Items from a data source
·····

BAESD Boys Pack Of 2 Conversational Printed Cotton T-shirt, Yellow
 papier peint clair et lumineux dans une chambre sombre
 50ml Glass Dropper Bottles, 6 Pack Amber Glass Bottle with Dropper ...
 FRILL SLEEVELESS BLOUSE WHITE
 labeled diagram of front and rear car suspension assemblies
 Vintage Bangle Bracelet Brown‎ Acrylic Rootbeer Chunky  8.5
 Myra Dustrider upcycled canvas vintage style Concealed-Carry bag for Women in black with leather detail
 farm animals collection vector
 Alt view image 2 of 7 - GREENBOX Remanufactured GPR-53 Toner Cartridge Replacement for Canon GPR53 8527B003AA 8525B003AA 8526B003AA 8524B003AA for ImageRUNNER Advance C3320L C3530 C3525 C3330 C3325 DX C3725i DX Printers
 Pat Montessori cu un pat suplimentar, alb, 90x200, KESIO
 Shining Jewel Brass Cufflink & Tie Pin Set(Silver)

·····

* _Task objective_:
What lines above hold the word "with"? List them all.

* _Solution to the exercise_:
 50ml Glass Dropper Bottles, 6 Pack Amber Glass Bottle with Dropper ...
 Myra Dustrider upcycled canvas vintage style Concealed-Carry bag for Women in black with leather detail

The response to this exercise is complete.